Too many data replication technologies in environment

Question

It is possible to configure remote data replication at many layers of the storage stack. Some examples to explain what I mean by layers:

Physical Volume Layer (TruCopy, SRDF/MirrorView, SnapMirror)
Virtual Server Layer (vReplicator, Veeam)
Logical Volume Layer (VVR, AVS)
Filesystem Layer (Rsync, ZFS Send/Recv)
Application Layer (Data Guard, MySQL/PostgreSQL Replication, AD Replication)

Replication at each layer has a unique value proposition but it would be crazy to use them all. My particular problem is the proliferation of different solutions; I'd like to standardize on one or two solutions in order to keep down license costs, complexity, and expertise requirements.

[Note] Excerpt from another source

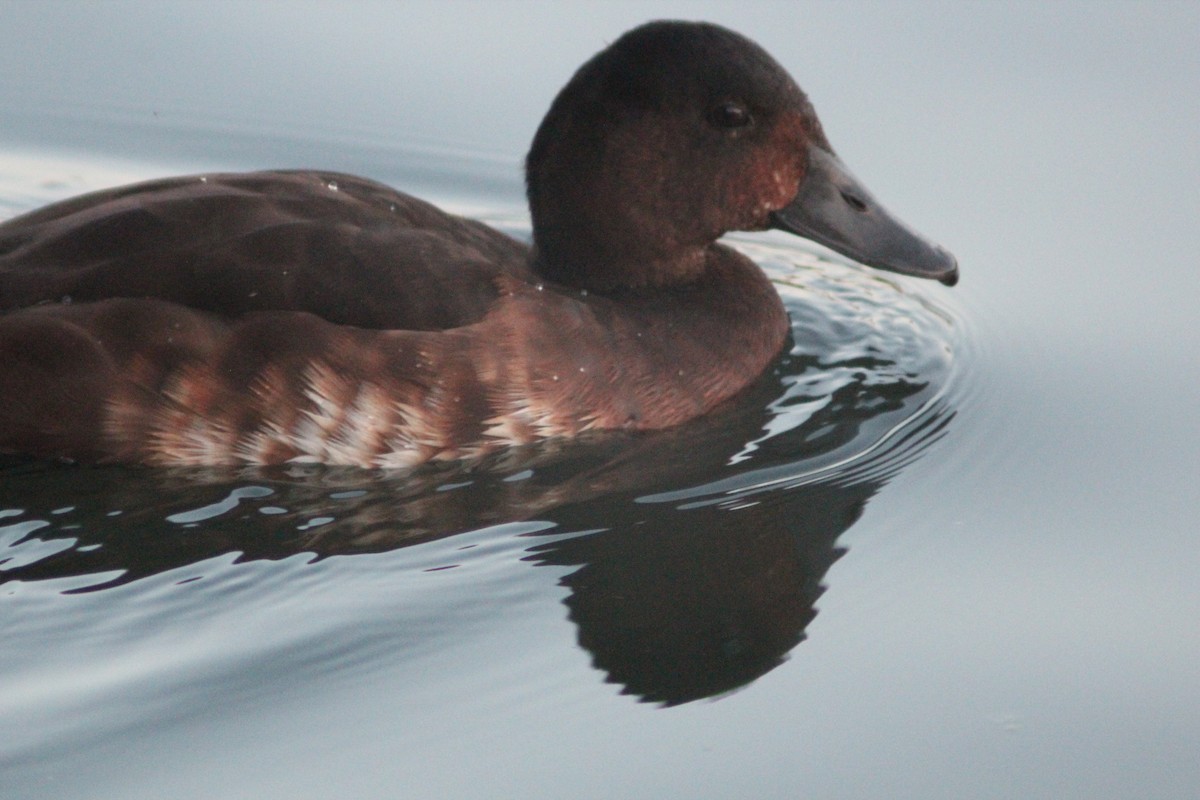 Baer's Pochard - ML641911148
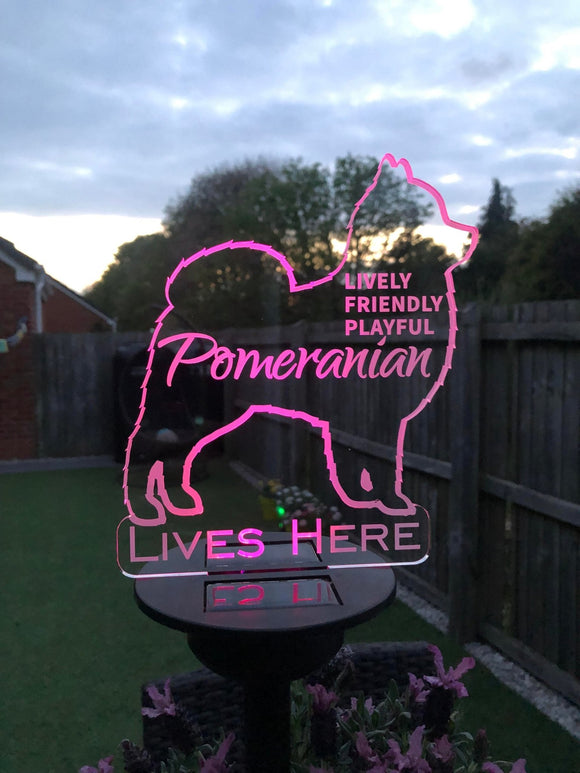 Pomeranian Solar Powered Garden Sign - Personalised Gift Studio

My question is: ignoring the individual product examples, which layer or combination of layers of replication provide the most value in a typical corporate environment, and which are becoming more valuable?

Possible metrics include ease of administration, availability of expertise, protection from data corruption, recovery time/complexity in a DR scenario, reduction in planned outage windows, application performance, application flexibility, and anything else that might be valuable.

This is a question I encounter often as a system administrator so I would appreciate any advice.

Massimo · Accepted Answer · 2011-05-30T15:02:08.753

Which solution is better suited to a given scenario strongly depends on the applications and data involved, there is no "global" approach that can work everytime, everywhere.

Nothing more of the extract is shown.